### Brief descriptive captions
* * *

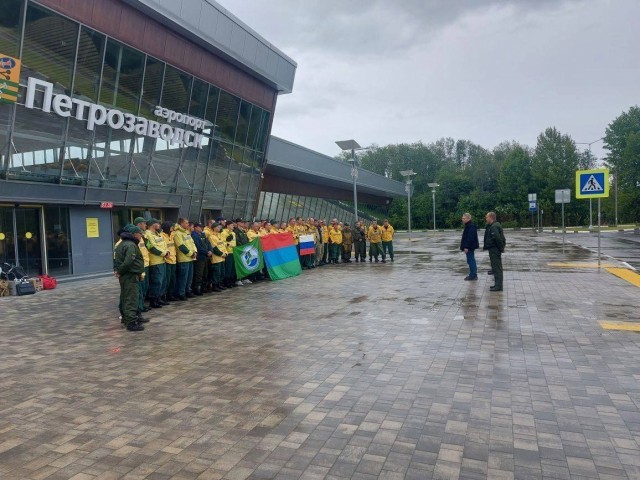 В ХМАО прибыли десантники-пожарные из Карелии и Мурманской области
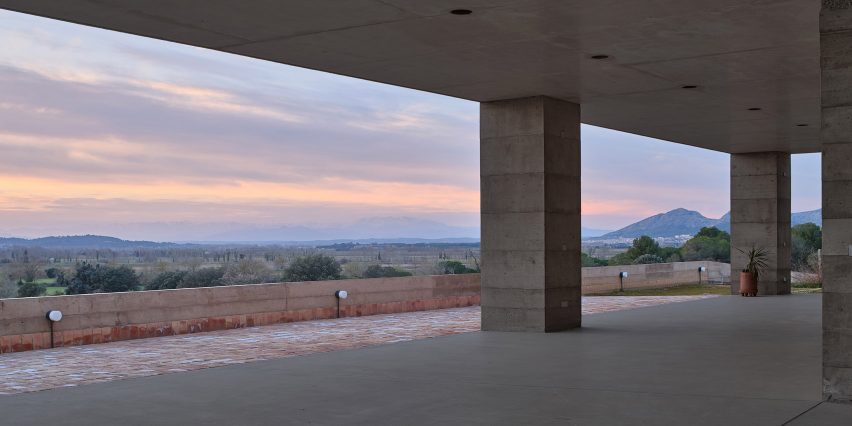 Casa 1627 by H Arquitectes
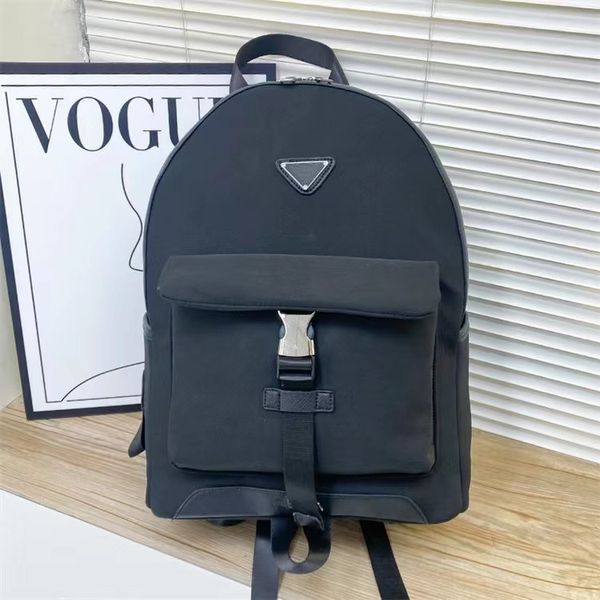 2024 Tasarımcı Çanta Backpack Schoolbag Rucksack Erkek Kadın Lüks Sırt Çantaları Çanta Moda Paketleri Totes Crossbody Omuz Çantaları Büyük Kapasite Bagshoes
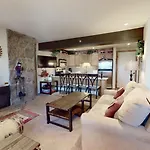 Laurelwood Condominiums 109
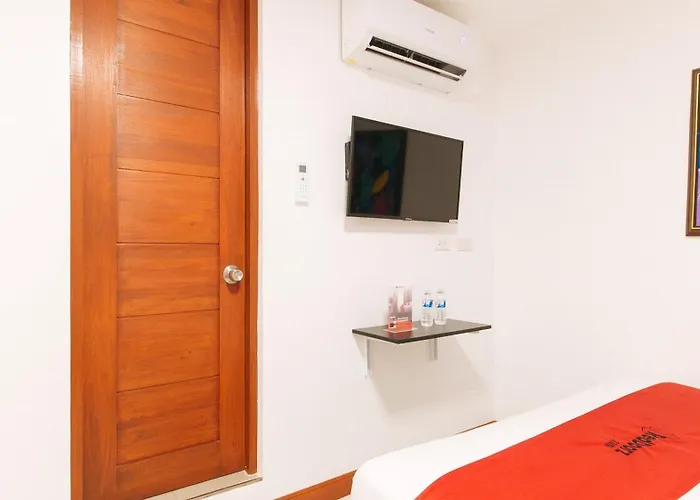Hotel Reddoorz @ Costa Roca Balamban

* * *

### About this task
When you transcribe the entries, reproduce each line exactly and skip any picture.

### The completed task
 В ХМАО прибыли десантники-пожарные из Карелии и Мурманской области
 Casa 1627 by H Arquitectes
 2024 Tasarımcı Çanta Backpack Schoolbag Rucksack Erkek Kadın Lüks Sırt Çantaları Çanta Moda Paketleri Totes Crossbody Omuz Çantaları Büyük Kapasite Bagshoes
 Laurelwood Condominiums 109
Hotel Reddoorz @ Costa Roca Balamban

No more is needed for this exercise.